Sono convinto che questa sperimentazione, con le decisioni che ne scaturiranno, non servirà a nulla sul piano dell’educazione e della famosa «scelta consapevole di un proprio ruolo attraverso la trasmissione e la rielaborazione critica e scientificamente corretta degli elementi fondamentali della cultura» eccetera. E sono altrettanto persuaso che l’insegnamento del catechismo debba avvenire nelle parrocchie e non a scuola. Non so quale valore aggiunto attribuire alla conoscenza di nozioni sulla diffusione geografica delle religioni. Anche a livello di integrazione e di tolleranza dell’«altro», sono persuaso che la conoscenza e la comprensione della nostra Cultura rappresenti una condizione irrinunciabile per ogni successivo progetto di vita e di società. Il nostro territorio è disseminato di segni che, al di là delle loro radici palesemente religiose, si configurano come elementi laici del nostro essere qui e oggi: chiese, oratori, cappelle, croci, pitture, sculture, affreschi… La storia dell’Europa e dell’Occidente è anche la storia della democrazia, del Cristianesimo e del processo di secolarizzazione. Dalla civiltà minoica all’UE abbiamo percorso un cammino tortuoso, segnato da scoperte, invenzioni, guerre, riforme e rivoluzioni, monarchie e dittature e tentativi di sovranità popolare, da passioni e idee, spesso descritte ed esaltate dalle arti: un’indispensabile conoscenza, che certo supera le nozioni sull’espansione geografica dell’uno o dell’altro credo.
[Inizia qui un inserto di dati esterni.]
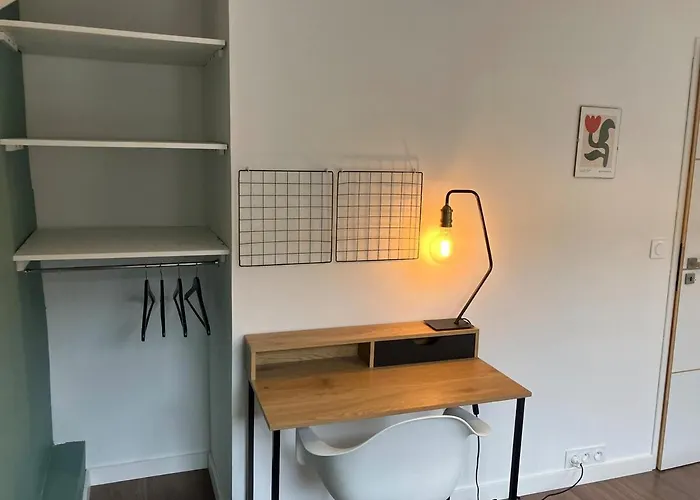 Apartament House, Ideal Health Chr Loos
Che ne sanno, tanti giovani e tanti adulti, di Dante e del Manzoni, di Bach e di Liszt, del Caravaggio e di Michelangelo? E quel massone di un Mozart non ha nulla da dirci a questo proposito? Insomma: potremmo eliminare una materia, invece di aggiungerla. Perché con l’italiano, la storia, la matematica, la fisica, la storia dell’arte e la musica potremmo pigliare due piccioni con un’unica fava.